Supplied data START

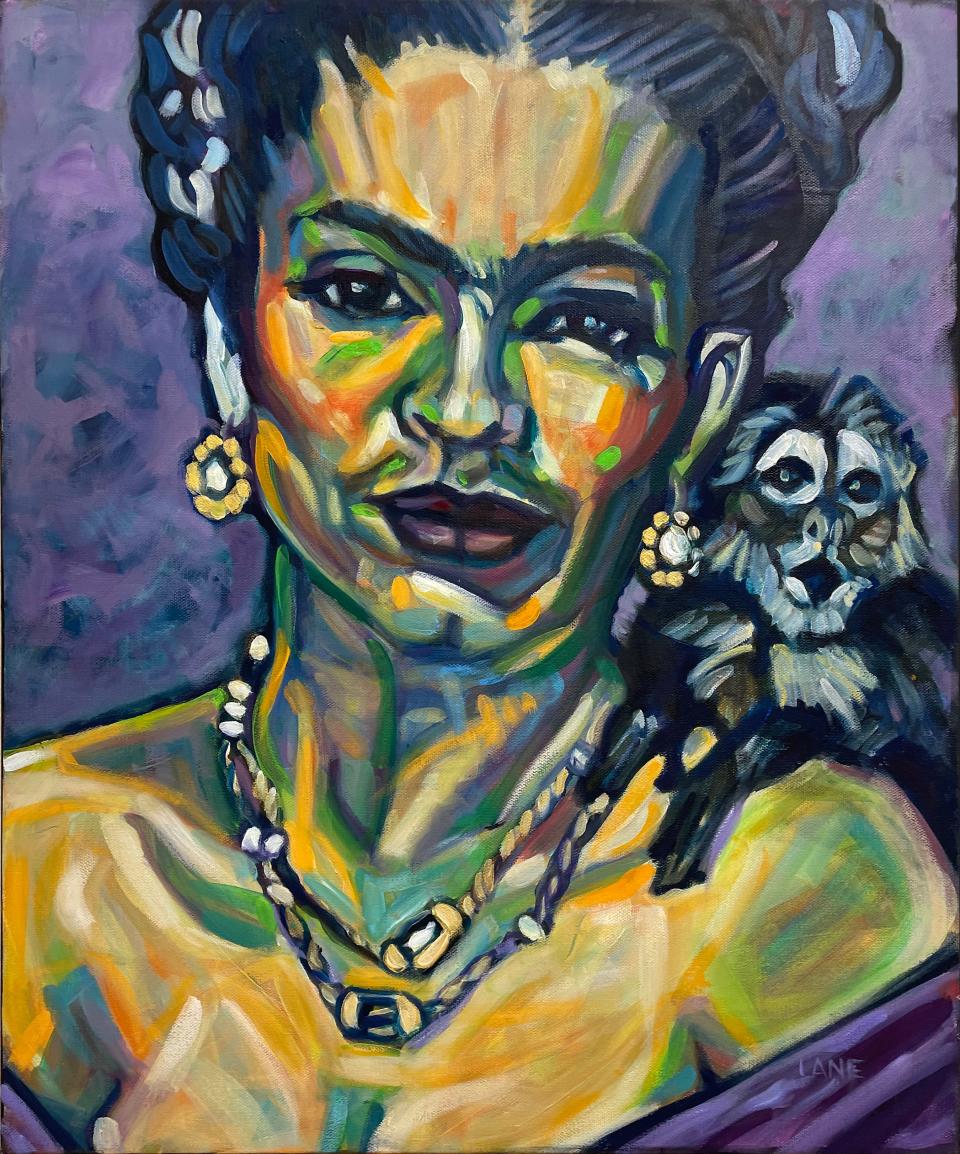 Beck Lane’s “Frida Kahlo No. 12,” one of dozens of portraits she is creating, features the image of one of Kahlo’s famous spider monkeys.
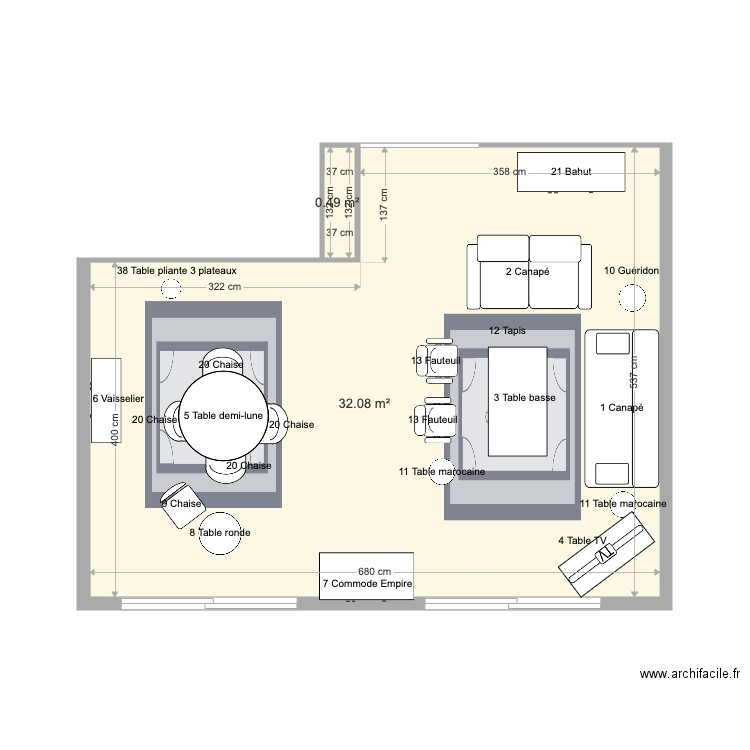 Séjour . Plan de 0 pièce et 0 m2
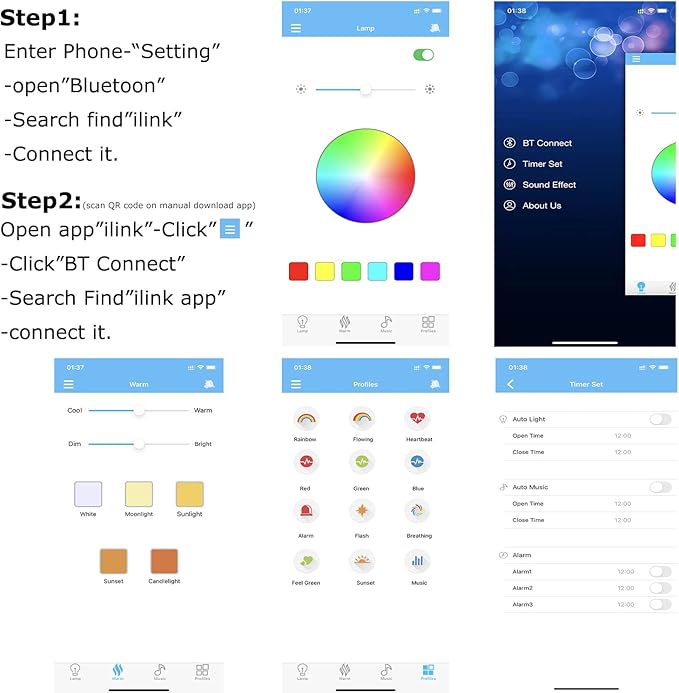 Smart Light Bulb with Bluetooth Speaker 7W 350lm 2700-6500k E27 Controlled RGB Multi Color Adjustable and Dimmable by Wireless APP Music Speaker and Bulb 2 in 1 Mood Lighting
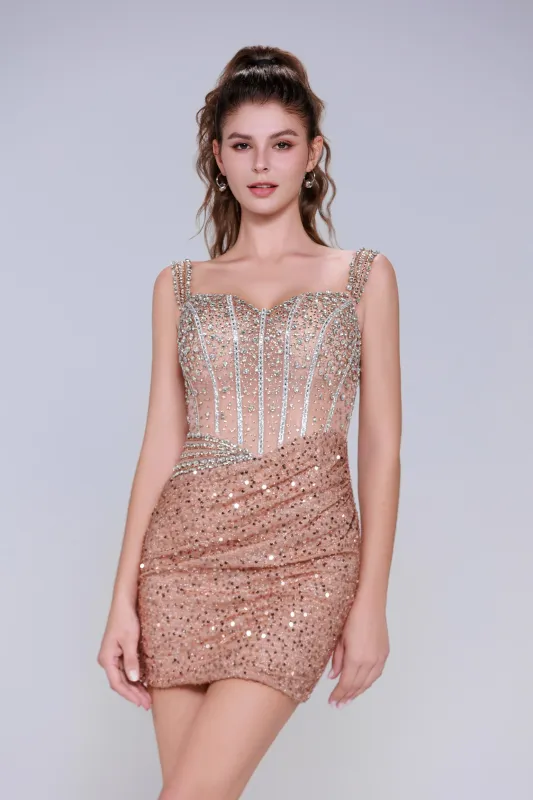 Sheath-Column Mini Sequined Homecoming Dress CS0996 sold by Cocomelody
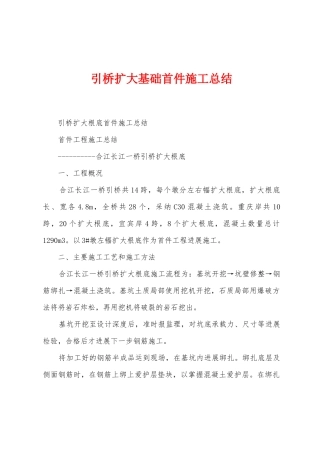 引桥扩大基础首件施工总结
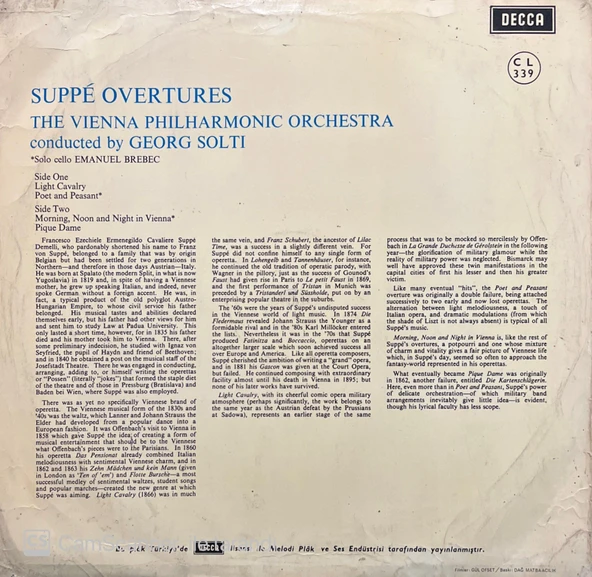 Suppe Overtures Vienna Philharmonic Solti LP Plak - Resim 2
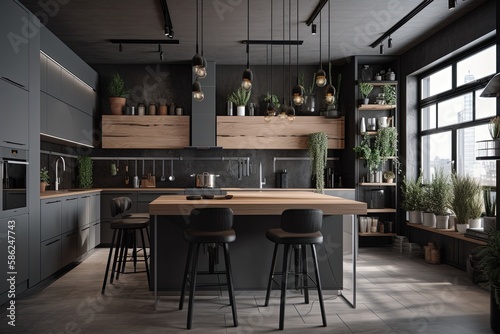 Grey kitchen interior with bar Generative_AI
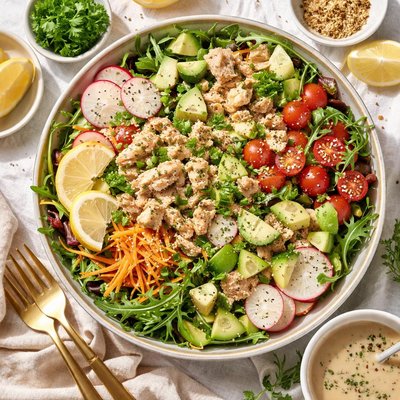Image of Lemony Tuna Salad with Tahini Dressing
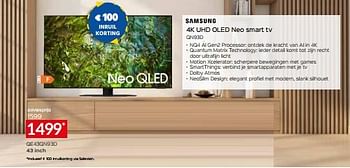 Promoties Samsung 4k uhd oled neo smart tv qe43qn93d - Samsung - Geldig van 31/05/2024 tot 30/06/2024 bij Selexion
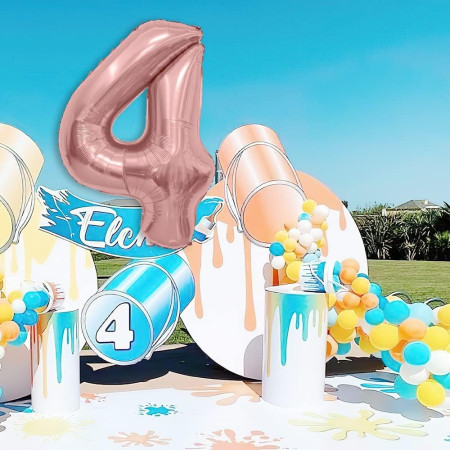 Balon din Folie Metalizata Cyrax, Figurina Cifra, Tema Aniversare 40 cm, Ambalaj Individual, Pai inclus, Umflare cu Aer sau Heliu, Rose Gold, Cifra 4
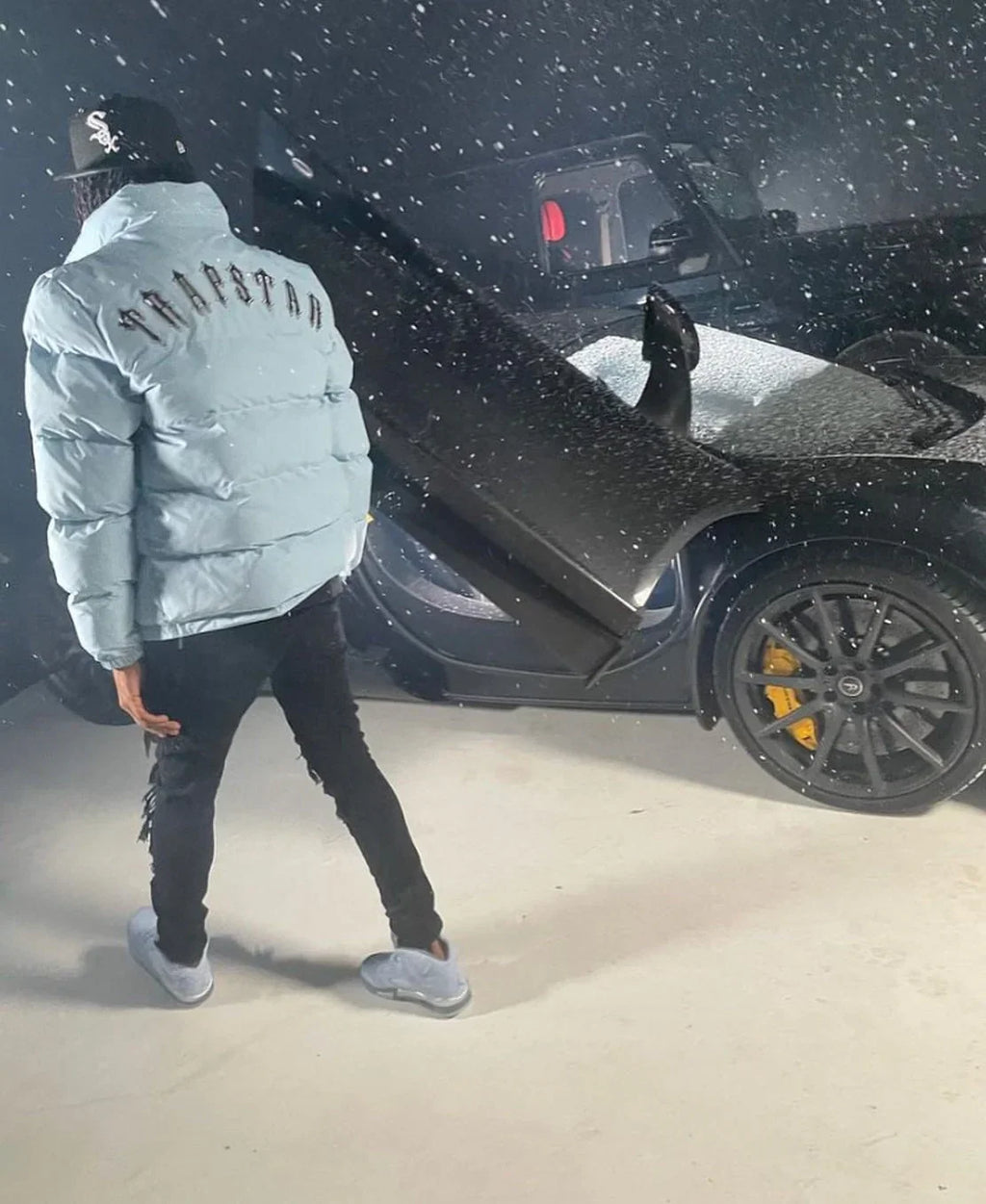 Trapstar Detachable Hooded Puffer Jacket - Ice Blue Ironleague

Supplied data END

Restate word for word, and only, the lines from the line that contains "引桥扩大基础首件施工总结" through the end of the data, both included; pictures are not part of the copy.

 引桥扩大基础首件施工总结
 Suppe Overtures Vienna Philharmonic Solti LP Plak - Resim 2
 Grey kitchen interior with bar Generative_AI
Image of Lemony Tuna Salad with Tahini Dressing
 Promoties Samsung 4k uhd oled neo smart tv qe43qn93d - Samsung - Geldig van 31/05/2024 tot 30/06/2024 bij Selexion
 Balon din Folie Metalizata Cyrax, Figurina Cifra, Tema Aniversare 40 cm, Ambalaj Individual, Pai inclus, Umflare cu Aer sau Heliu, Rose Gold, Cifra 4
 Trapstar Detachable Hooded Puffer Jacket - Ice Blue Ironleague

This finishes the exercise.